Ezenna Chidubem, Pereira Vinicius, Abozenah Mohammed, Franco Ancy Jenil, Gbegbaje Oghenetejiri, Zaidi Ayesha, Krishna Mrinal Murali, Joseph Meghna, Ramesh Prasana, Chalhoub Fadi
Department of Medicine, University of Massachusetts Chan Medical School - Baystate Medical Center, 759 Chestnut Street, Springfield, MA, 01104, USA.
Faculty of Medicine, Universidad Austral, Pilar, Argentina.
J Interv Card Electrophysiol. 2024 Nov 15. doi: 10.1007/s10840-024-01947-z.
Patients undergoing cardiovascular implantable electronic device (CIED) implantation are often on direct oral anticoagulation (DOAC). However, the evidence on whether to continue or temporarily discontinue DOAC therapy during the perioperative period in these patients is unclear.

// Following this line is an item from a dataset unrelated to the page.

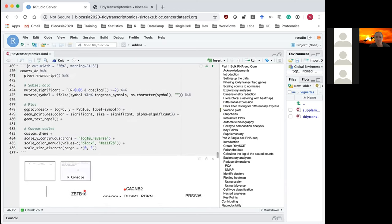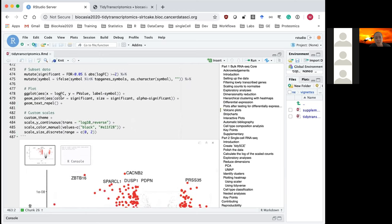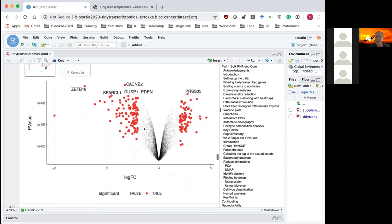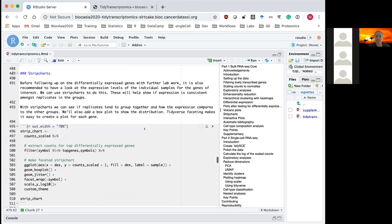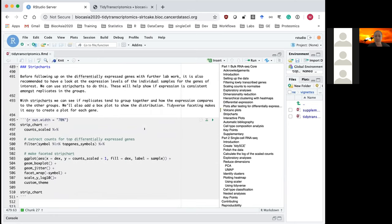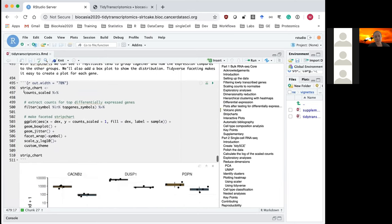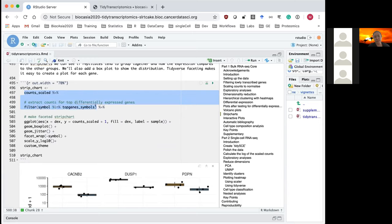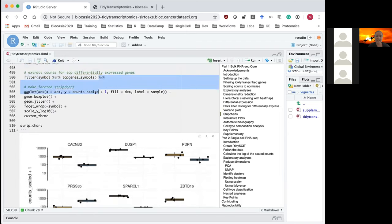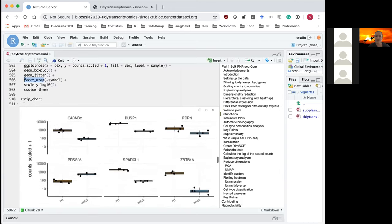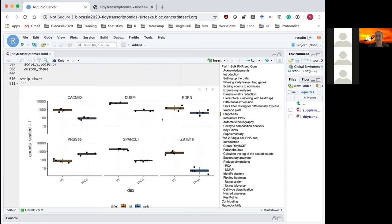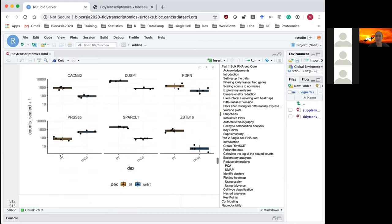We can further customize the plot using ggplot's color, size, and alpha aesthetics. Another common plot is looking at individual counts for top genes using strip charts. We use tidyverse filter to select the counts for our top genes, then pipe into ggplot to make jittered plots and box plots, taking advantage of facet_wrap to quickly create multiple plots — one for each of the six top genes, showing individual count values in all samples for both treated and untreated groups.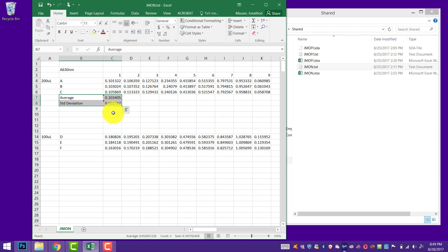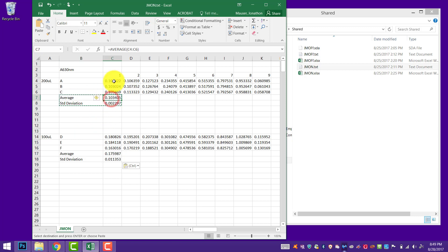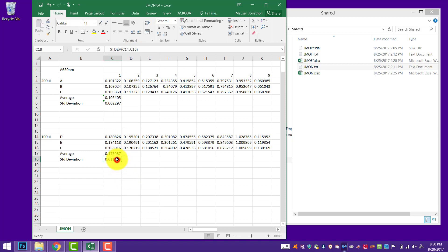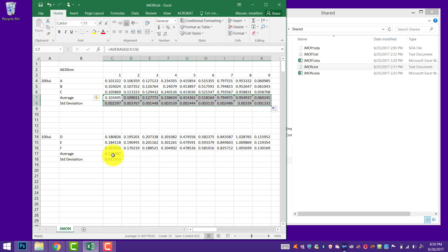We can select those two cells we've just done and paste them down so we can do the same exact math. Excel will say the three above me are being averaged for this well. If you copy those, it'll keep that same relative position. We can also select those two cells, and when your cursor turns into a solid black cross, drag it all the way across — and it'll do all of our math for us without having to copy-paste a million times.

We conducted a comprehensive literature review using PubMed, Embase, and Cochrane databases through July 2024. We included studies comparing uninterrupted versus interrupted perioperative DOAC therapy in patients undergoing CIED procedure- primary implants, pulse generator replacement, and device upgrades. Primary outcomes were clinically significant device-pocket hematoma and thromboembolic events. Secondary outcomes included any device-pocket hematoma, all-cause mortality, major bleeding, and any bleeding.
A total of 1,607 patients from 8 studies were included. The mean age was 73.2 years, with atrial fibrillation as the indication for DOAC therapy in most patients. The mean CHA2DS2-VASc was 3.4. Among the included studies, 2 were randomized control trials (RCTs), while the others were observational cohort studies, including one that was propensity score matched. Our meta-analysis found both strategies to be similar in terms of clinically significant pocket hematoma (RR 1.70; 95%CI 0.84-3.45; p = 0.14; I = 0%), thromboembolic complications (RR 0.35; 95%CI 0.04-3.32; p = 0.36; I = 19%), any pocket hematoma, all-cause mortality and any bleeding with a higher risk of major bleeding with uninterrupted anticoagulation.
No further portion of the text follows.